現在でも、訪問介護業者の経営は苦しく、倒産・休業が23年は、427社にものぼりました。ところが岸田政権は、訪問介護報酬の2%引き下げを強行しました。引き下げ理由は、「利益率が高いから」だとしていますが、利益率が高いのは、一部の大手だけが異常な高利益を上げており、多くの小規模事業者、特に中山間地などの約4割の事業者(全国で13000事業者)が赤字です。大手は、効率的でない地域では事業を行いません。訪問介護報酬の引き下げは、現在でも赤字の小規模事業者を直撃し、頑張っているヘルパーさんの働きがいを奪い、事業からの撤退につながります。地域から事業所が無くなれば、訪問介護が必要な方はどうなるのでしょうか、地域では「介護難民」や介護離職者も増え、人口減少に拍車がかかるのではないかと心配です。
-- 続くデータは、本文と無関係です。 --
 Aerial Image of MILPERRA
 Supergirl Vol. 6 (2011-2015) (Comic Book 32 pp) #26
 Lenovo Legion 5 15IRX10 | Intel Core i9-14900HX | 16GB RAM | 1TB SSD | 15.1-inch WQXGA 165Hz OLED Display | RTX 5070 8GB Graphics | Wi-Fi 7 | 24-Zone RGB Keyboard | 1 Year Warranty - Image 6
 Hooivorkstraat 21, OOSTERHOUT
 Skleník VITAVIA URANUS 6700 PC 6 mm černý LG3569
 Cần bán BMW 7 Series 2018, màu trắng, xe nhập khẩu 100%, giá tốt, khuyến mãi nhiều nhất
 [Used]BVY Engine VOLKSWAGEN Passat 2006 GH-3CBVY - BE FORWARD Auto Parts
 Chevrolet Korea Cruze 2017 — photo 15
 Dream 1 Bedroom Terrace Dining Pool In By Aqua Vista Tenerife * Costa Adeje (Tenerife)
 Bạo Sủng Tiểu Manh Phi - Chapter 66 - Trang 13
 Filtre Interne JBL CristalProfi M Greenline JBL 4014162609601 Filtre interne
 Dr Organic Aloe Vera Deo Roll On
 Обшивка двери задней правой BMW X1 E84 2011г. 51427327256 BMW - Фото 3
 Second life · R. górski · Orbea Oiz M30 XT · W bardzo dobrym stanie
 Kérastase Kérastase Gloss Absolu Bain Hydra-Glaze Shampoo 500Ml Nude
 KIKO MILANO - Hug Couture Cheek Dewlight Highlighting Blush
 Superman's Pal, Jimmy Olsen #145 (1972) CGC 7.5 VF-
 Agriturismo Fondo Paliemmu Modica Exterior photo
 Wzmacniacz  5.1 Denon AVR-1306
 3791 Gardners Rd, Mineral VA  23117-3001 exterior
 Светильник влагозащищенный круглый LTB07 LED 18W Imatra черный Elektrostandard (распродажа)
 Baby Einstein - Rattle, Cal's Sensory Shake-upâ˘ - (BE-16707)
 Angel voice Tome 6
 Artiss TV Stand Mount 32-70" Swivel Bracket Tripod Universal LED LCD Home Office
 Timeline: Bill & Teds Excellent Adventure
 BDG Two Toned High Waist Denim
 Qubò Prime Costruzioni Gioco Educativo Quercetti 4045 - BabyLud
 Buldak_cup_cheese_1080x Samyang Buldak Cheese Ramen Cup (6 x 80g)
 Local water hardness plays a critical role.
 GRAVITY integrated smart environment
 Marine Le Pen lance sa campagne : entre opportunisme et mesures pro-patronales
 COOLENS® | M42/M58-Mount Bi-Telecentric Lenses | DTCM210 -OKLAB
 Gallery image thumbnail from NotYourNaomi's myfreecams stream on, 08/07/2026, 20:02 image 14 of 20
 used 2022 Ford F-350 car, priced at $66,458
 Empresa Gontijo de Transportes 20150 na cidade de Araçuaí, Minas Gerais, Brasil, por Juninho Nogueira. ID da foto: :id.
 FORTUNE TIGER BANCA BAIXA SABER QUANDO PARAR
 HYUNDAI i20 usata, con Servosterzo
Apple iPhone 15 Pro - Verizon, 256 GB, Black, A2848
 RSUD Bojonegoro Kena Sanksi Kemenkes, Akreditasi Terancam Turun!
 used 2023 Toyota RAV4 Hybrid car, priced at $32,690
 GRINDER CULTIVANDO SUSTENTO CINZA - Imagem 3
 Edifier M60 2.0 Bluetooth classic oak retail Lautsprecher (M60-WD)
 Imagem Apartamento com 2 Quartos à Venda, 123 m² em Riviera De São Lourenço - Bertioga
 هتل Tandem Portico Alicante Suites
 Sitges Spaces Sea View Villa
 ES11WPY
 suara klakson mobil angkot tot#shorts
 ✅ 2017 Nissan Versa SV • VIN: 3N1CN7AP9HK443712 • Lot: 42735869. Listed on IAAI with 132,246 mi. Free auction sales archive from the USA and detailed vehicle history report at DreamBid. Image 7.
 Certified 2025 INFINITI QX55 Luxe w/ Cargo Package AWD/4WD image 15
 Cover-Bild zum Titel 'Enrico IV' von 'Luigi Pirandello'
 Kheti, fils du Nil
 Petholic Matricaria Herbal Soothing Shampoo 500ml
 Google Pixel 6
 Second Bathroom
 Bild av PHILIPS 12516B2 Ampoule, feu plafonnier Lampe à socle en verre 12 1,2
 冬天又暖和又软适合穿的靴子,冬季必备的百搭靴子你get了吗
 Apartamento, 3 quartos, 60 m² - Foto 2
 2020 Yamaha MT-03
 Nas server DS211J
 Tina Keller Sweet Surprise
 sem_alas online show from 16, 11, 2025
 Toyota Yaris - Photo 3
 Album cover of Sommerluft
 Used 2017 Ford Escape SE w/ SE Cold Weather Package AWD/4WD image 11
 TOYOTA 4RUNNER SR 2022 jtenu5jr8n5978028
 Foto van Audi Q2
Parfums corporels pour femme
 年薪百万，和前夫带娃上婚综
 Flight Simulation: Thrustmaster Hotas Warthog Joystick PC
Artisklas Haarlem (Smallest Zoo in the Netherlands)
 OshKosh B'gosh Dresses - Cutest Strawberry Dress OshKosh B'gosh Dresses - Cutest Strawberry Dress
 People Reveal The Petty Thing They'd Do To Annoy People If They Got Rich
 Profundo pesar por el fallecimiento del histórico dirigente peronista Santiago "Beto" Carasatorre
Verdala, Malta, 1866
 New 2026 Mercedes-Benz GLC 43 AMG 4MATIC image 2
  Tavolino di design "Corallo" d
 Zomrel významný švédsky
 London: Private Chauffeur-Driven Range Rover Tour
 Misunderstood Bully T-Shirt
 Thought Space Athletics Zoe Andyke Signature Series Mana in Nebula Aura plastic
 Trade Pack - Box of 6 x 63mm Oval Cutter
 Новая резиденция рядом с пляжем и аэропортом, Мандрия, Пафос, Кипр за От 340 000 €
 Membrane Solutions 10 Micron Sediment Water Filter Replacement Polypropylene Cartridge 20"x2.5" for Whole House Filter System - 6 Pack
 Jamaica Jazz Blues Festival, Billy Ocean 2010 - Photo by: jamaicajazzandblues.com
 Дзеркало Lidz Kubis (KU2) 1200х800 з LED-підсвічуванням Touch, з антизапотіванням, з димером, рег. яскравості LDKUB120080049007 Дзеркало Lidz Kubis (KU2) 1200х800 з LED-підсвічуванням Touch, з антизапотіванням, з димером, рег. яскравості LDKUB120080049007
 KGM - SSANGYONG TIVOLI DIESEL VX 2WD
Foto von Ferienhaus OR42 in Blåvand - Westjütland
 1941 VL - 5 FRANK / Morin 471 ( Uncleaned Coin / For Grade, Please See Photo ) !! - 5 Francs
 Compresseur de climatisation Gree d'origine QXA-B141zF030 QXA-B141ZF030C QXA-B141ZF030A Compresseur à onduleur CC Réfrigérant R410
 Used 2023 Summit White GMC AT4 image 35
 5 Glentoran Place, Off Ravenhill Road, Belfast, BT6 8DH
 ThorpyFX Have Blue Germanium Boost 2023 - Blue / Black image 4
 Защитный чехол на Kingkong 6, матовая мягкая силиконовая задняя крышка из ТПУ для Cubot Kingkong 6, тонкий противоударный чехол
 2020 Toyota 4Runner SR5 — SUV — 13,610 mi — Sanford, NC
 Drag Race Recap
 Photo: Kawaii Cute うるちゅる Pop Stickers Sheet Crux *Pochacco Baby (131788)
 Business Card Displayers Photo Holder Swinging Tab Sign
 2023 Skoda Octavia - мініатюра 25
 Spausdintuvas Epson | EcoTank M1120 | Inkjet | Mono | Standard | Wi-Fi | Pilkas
■介護事業者も利用者も納得できる制度にするために、何が必要とお考えですか

介護保険の財源の負担割合は、国が4分の1、都道府県と市町村がそれぞれ8分の1を負担していますが、都道府県や市町村にはこれ以上財政負担をおこなう裏付けがありません。私たちの運動の基本は、国庫負担金の割合負担を増やすことです。国民が人間らしい暮らしができるよう、国が、医療・福祉や介護に十分な予算を回し責任を果たすことを求める国民的な取り組みが必要ではないでしょうか。

■自治体や自治体職員に何が求められていますか

自治体では、「介護保険事業計画」を3年毎に作成し、3年間の事業計画を立てています。介護職員の確保問題になると、「それぞれの事業所で確保してください」となり、実効ある対策にはなっていません。現状では、自治体が描いている「介護保険事業計画」は、絵に描いた餅です。自治体には、介護現場の大きな課題である人材確保に、もっと積極的にかかわっていただきたいですね。

自治体や自治体職員と介護事業者、介護利用者との距離が遠くなっているのではないでしょうか。京都市では、かつて各行政区に保健所があった時には、保健所や地域医師会が音頭を取って『保健医療福祉の集い』や『認知症相談会』などが開催されました。それを通じて人間関係や問題意識の共有もできました。地域に保健所がなくなり、これらのつながりもなくなりました。コロナ禍では、せめて行政区ごとに保健所があればと何度も思いました。

自治体には、民間まかせではなく「より良い介護の提供のために何が必要か」を専門的に分析して改善していく部署が必要と思います。